Excerpts from a dataset
»»

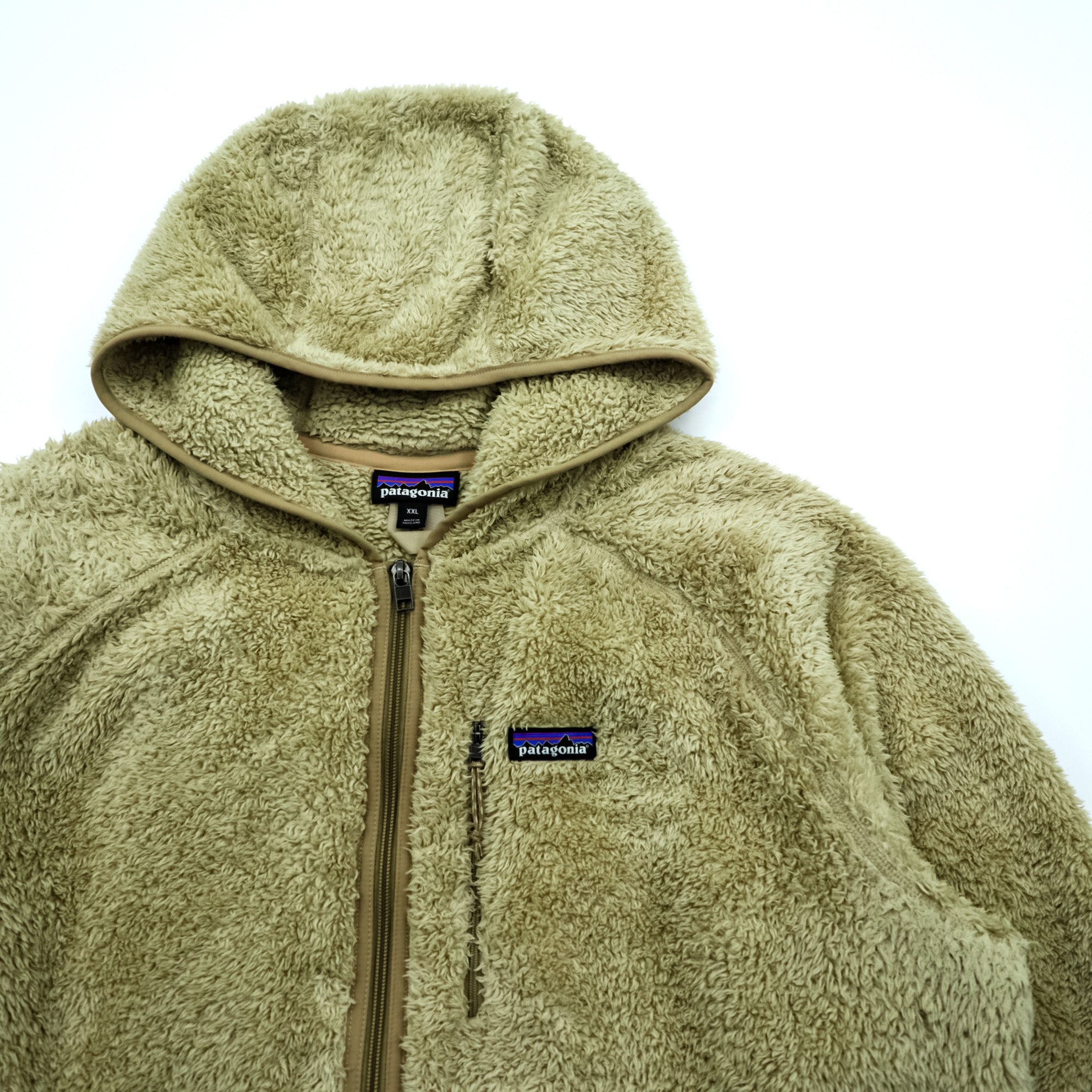 Patagonia ロスガトスフーディ Los Gatos Hoody フリース パーカー 2XL エルキャップカーキ 廃番 STY25922 FA20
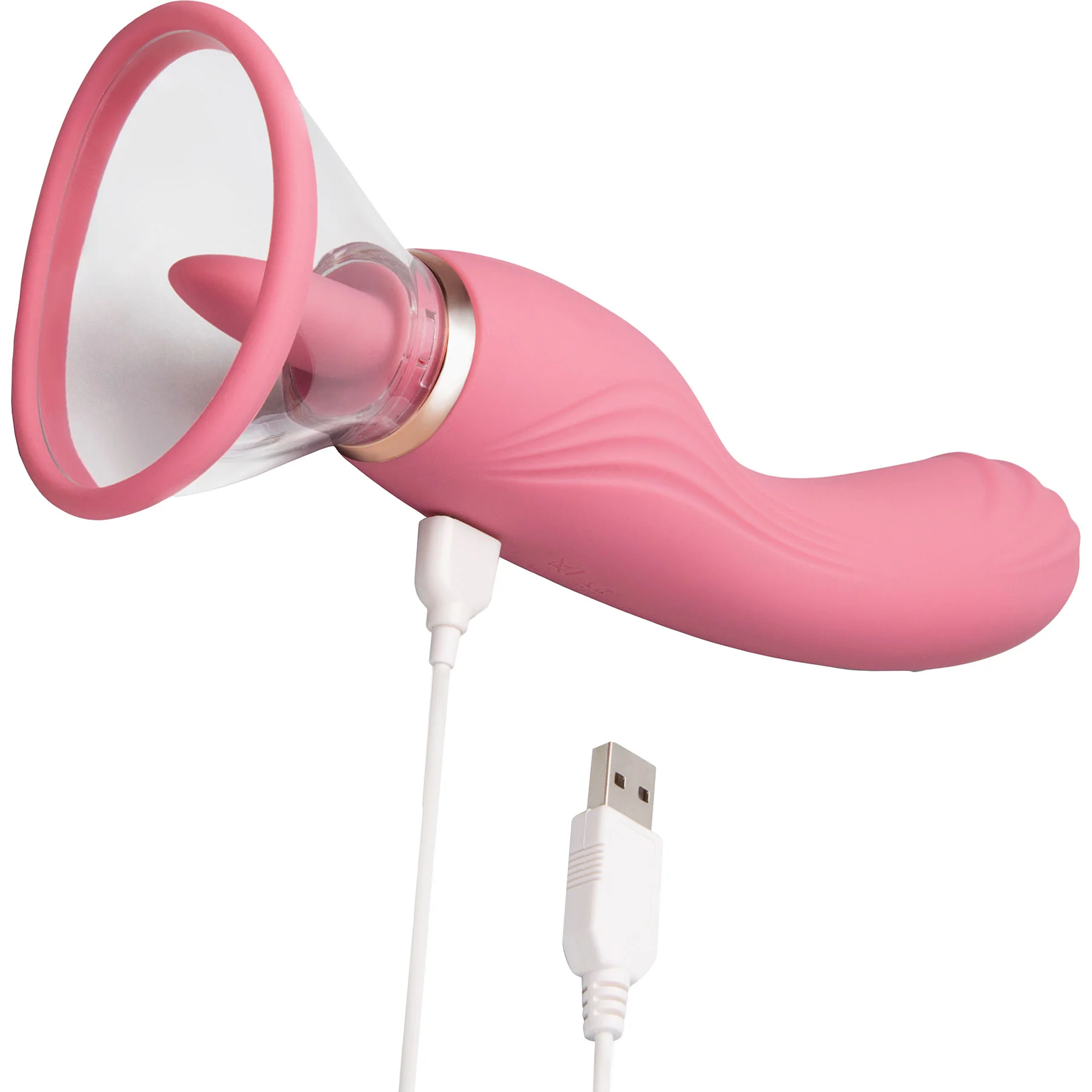 Le Wand Lick 3-in-1 Rechargeable Double-Ended Silicone Vibrator - Image 17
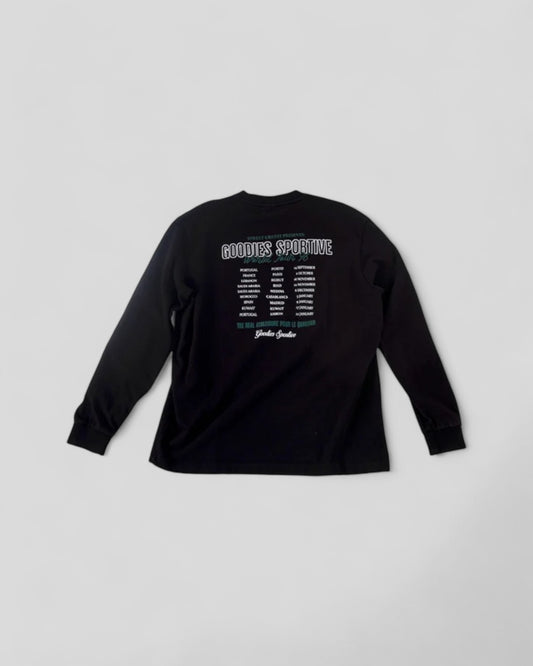 Goodies Sportive || Tour Long Sleeve - Black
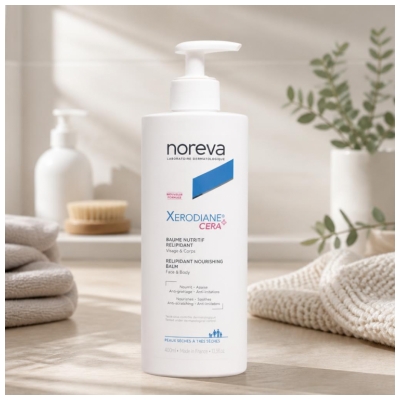 Noreva Xerodiane AP+ Relipiderende Balsam 400 ml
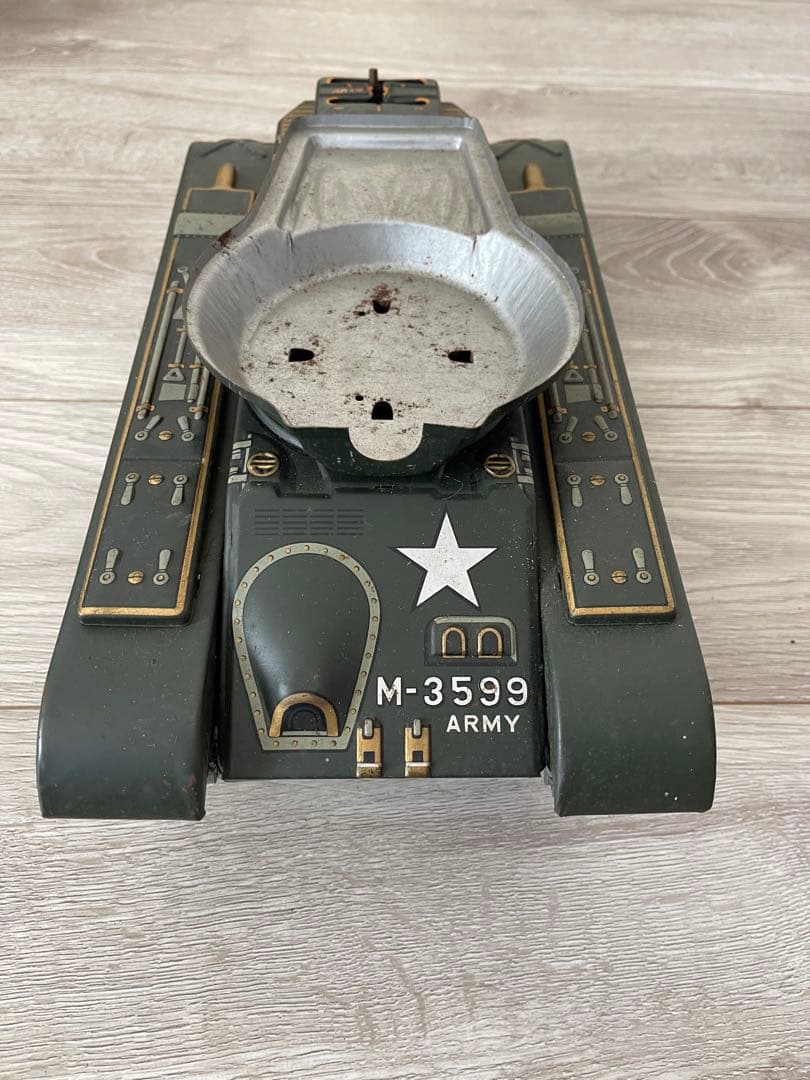 ブリキの戦車　M-3599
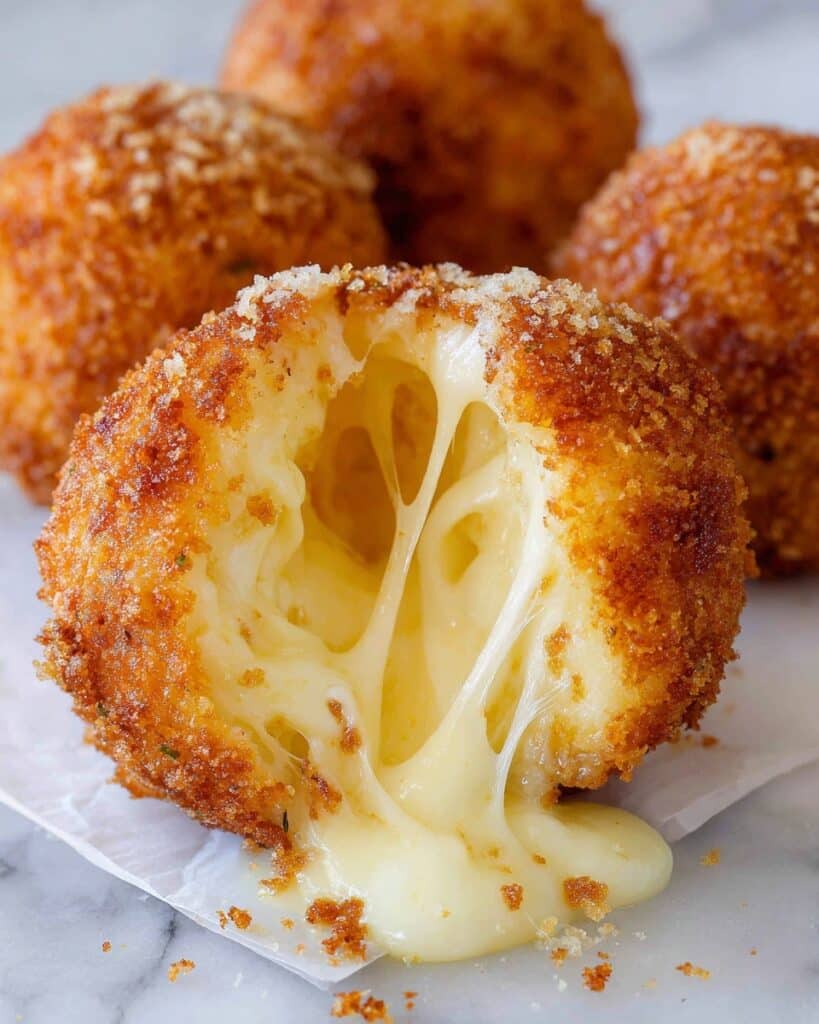 Fried Mac and Cheese Balls Recipe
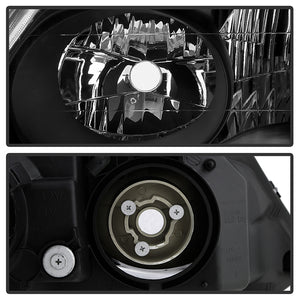 Xtune Headlights Acura TL (02-03) [OEM Style - HID Model Only] Black or Chrome w/ Amber Turn Signal Lights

««

What the task requires: Give back exactly the lines running from the one that contains "Fried Mac and Cheese Balls Recipe" to the end of the records, including both of those lines and excluding every picture.

Written solution:
 Fried Mac and Cheese Balls Recipe
 Xtune Headlights Acura TL (02-03) [OEM Style - HID Model Only] Black or Chrome w/ Amber Turn Signal Lights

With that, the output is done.